Voltage divider R1/R2 determines the setpoint for the voltage across current sense resistor R5. Op amp U1 provides the control function, and MUST be a RRIO op amp. C1 and R4 discourage instability and oscillations.

U1 and Q1 are a lot costlier than a pair of jellybean BJTs; but if you absolutely must have the lowest possible dropout voltage the above circuit is one way to get it.

That's the opposite direction of what I was searching for with my cheap, simple experiment at the moment, but looks like a good circuit to keep in mind for other uses in the future. I'll be sure to save it for later.

There only thing I see as a potential weakness, depending on how picky you want to be, is that the current limit is proportionally dependent on supply voltage, since the reference comes from a voltage divider.

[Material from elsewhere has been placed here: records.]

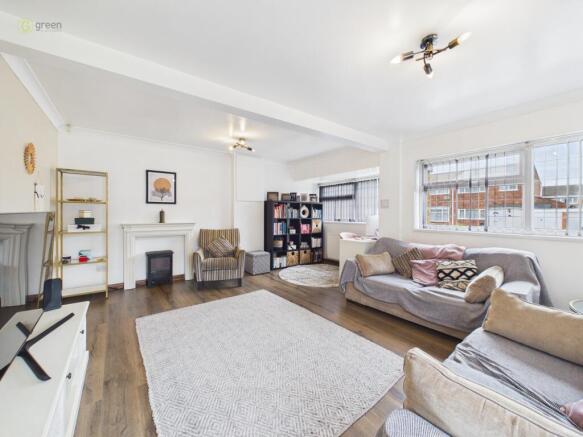 e82cdc5384ac49e2b6a48b9216147dd8100cam01698g0pr0181still003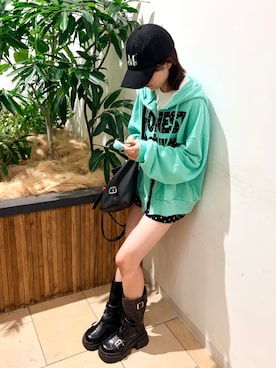 「アイテム（パーカー）」を使った、kanon31vさん（キッズ・153cm）の秋コーディネート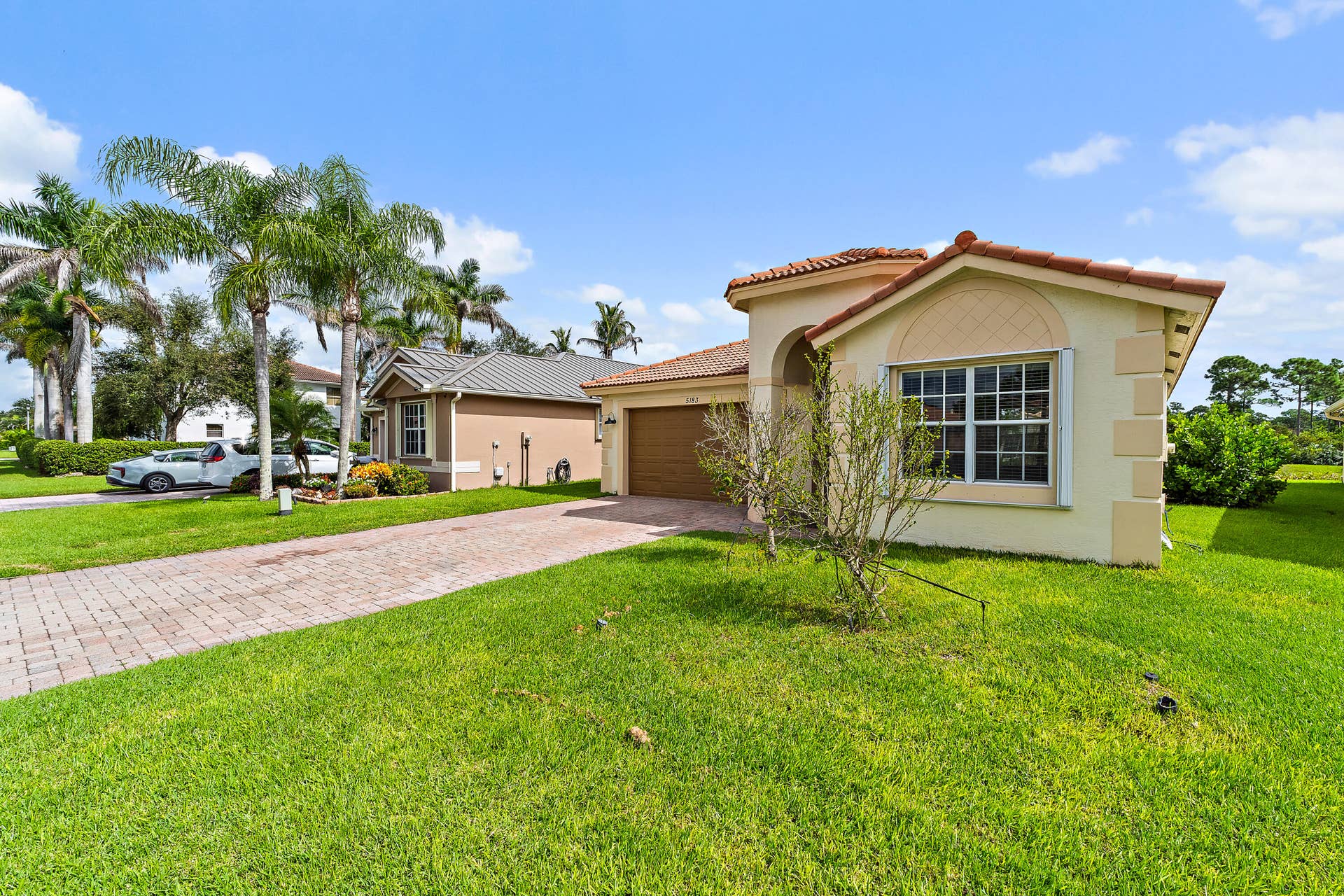 5183 SE Graham Drive, Stuart, FL 34997 6183 FRONT RIGHT SIDE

If you wanted a current limit that was more immune to supply voltage variation or inaccuracy, presumably you could set something up with a Zener, TL431, etc. to provide a more stable reference.

 

After staring at the above, I concluded that the next time I need to design a current limiting circuit the first I would consider is an adjustable (or not) constant current source with enough allowance for a certain variation of the input voltage.

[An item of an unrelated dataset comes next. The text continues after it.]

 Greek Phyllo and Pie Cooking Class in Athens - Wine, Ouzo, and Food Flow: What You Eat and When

I'm curious what you have in mind when you mention constant current sources. Are you referring to a different class of sub circuits, or to ICs?

It seems like most of the IC current source solutions I've seen have pretty high dropout voltage, although if there are good ones I'm overlooking, I'd love to know more about them.

 

That's the opposite direction of what I was searching for with my cheap, simple experiment at the moment, but looks like a good circuit to keep in mind for other uses in the future. I'll be sure to save it for later.

I understand; I posted that just to illustrate one method of achieving a rock-bottom, minimum dropout voltage if that were the overriding consideration. For your purpose it's not a practical solution.

There only thing I see as a potential weakness, depending on how picky you want to be, is that the current limit is proportionally dependent on supply voltage, since the reference comes from a voltage divider.

If you wanted a current limit that was more immune to supply voltage variation or inaccuracy, presumably you could set something up with a Zener, TL431, etc. to provide a more stable reference.

That's exactly what you'd do if you wanted to eliminate the dependence on supply voltage. My choice would be to use a TL431 to get a reference point 2.5 volts below Vcc, then divide down from that.

It seems like most of the IC current source solutions I've seen have pretty high dropout voltage, although if there are good ones I'm overlooking, I'd love to know more about them.

I don't make much of a distinction between constant current source circuits and current limiting circuits; to me, they're pretty much the same thing except possibly what characteristics they're optimized for, such as precision control over current, programmability via an external control voltage, etc.

 

I'm curious what you have in mind when you mention constant current sources. Are you referring to a different class of sub circuits, or to ICs?

It seems like most of the IC current source solutions I've seen have pretty high dropout voltage, although if there are good ones I'm overlooking, I'd love to know more about them.

@ebeowulf17

It seems that I am derailing your thread after all. Sorry for that.

To your question: when posting my last comment, in fact, I had in mind not your interest on low dropout (my bad) but many different current limiting circuits I've built in the past plus a series of constant current sources where I could adjust the voltage controlling the current. After all, a current-limited PSU may be used as a constant current source if required.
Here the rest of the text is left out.